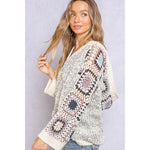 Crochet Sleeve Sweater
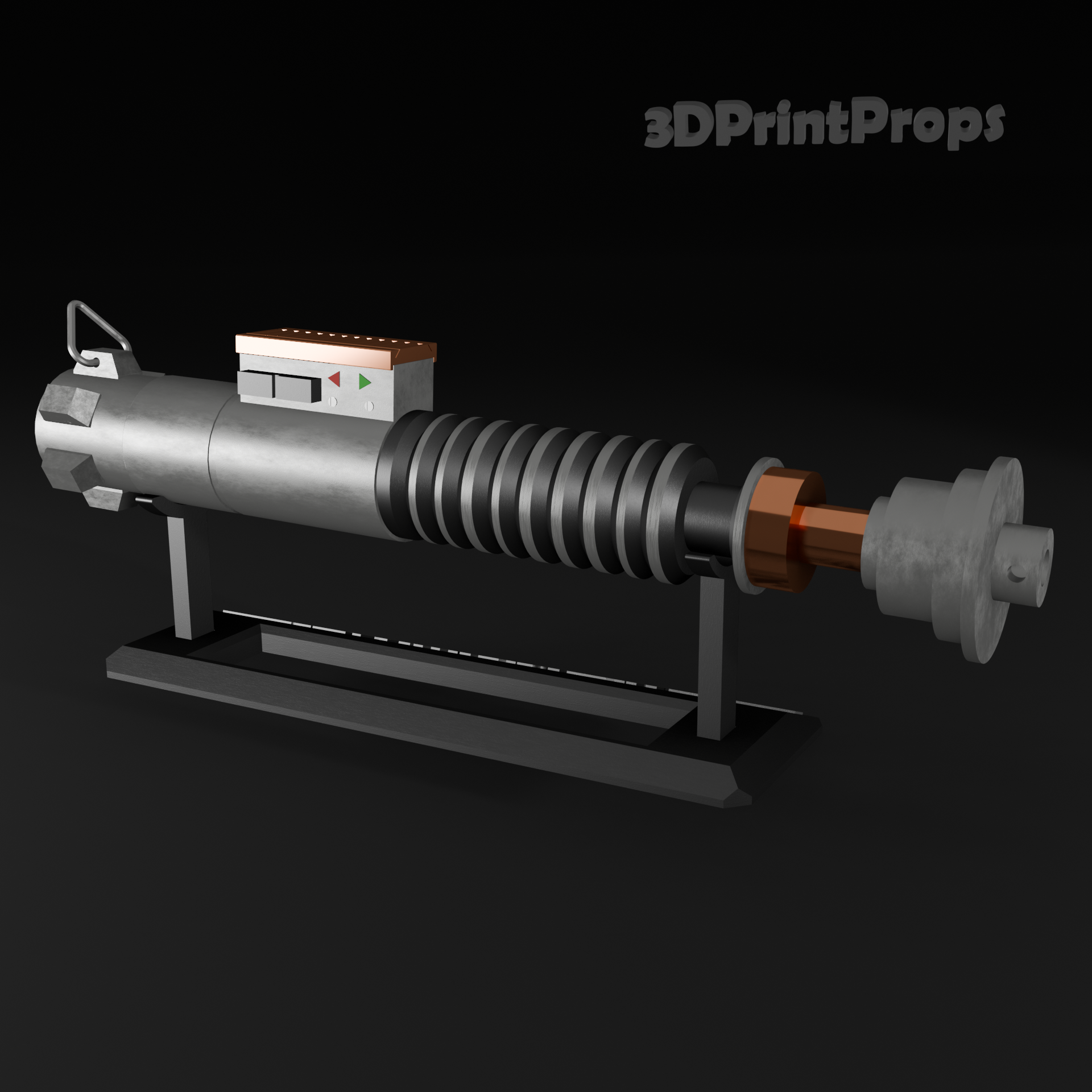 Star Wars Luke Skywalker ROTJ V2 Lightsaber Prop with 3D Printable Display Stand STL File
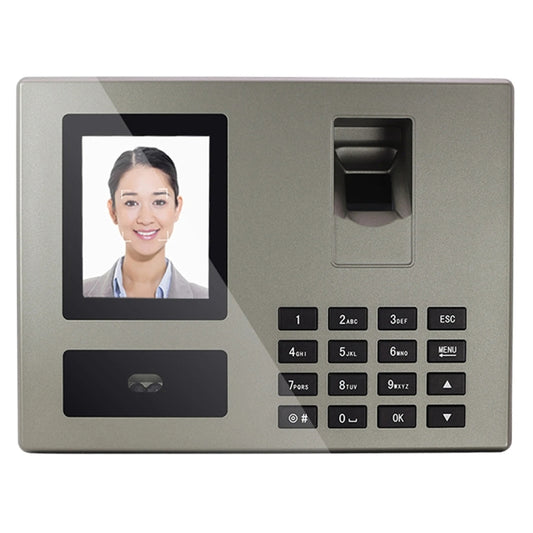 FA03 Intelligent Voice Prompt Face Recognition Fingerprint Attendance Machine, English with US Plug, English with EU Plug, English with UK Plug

- - - - -

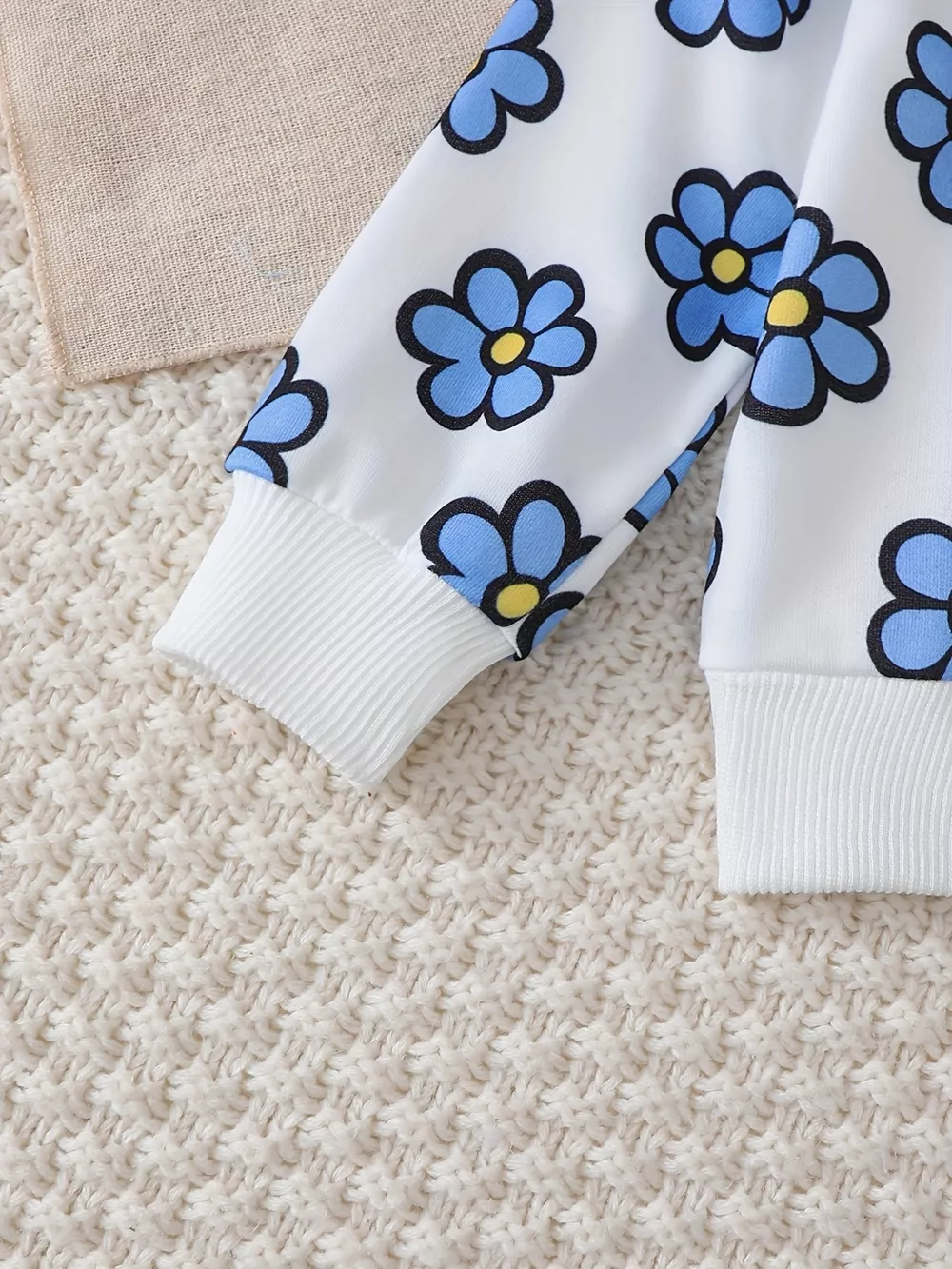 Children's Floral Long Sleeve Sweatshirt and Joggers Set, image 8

- - - - -

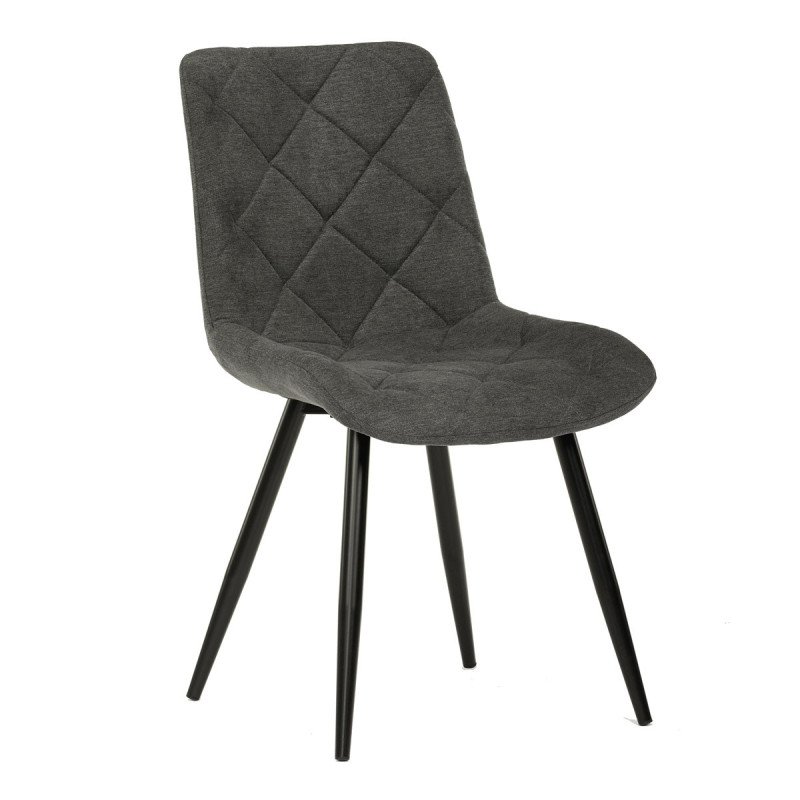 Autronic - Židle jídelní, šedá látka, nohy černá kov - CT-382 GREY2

- - - - -

EXERCISE DIRECTIONS: In the listing above, find the line holding "Crochet Sleeve Sweater" and the line holding "FA03 Intelligent Voice". Reproduce those two lines and all between them exactly, leaving out pictures.

RESPONSE BOX:
 Crochet Sleeve Sweater
 Star Wars Luke Skywalker ROTJ V2 Lightsaber Prop with 3D Printable Display Stand STL File
 FA03 Intelligent Voice Prompt Face Recognition Fingerprint Attendance Machine, English with US Plug, English with EU Plug, English with UK Plug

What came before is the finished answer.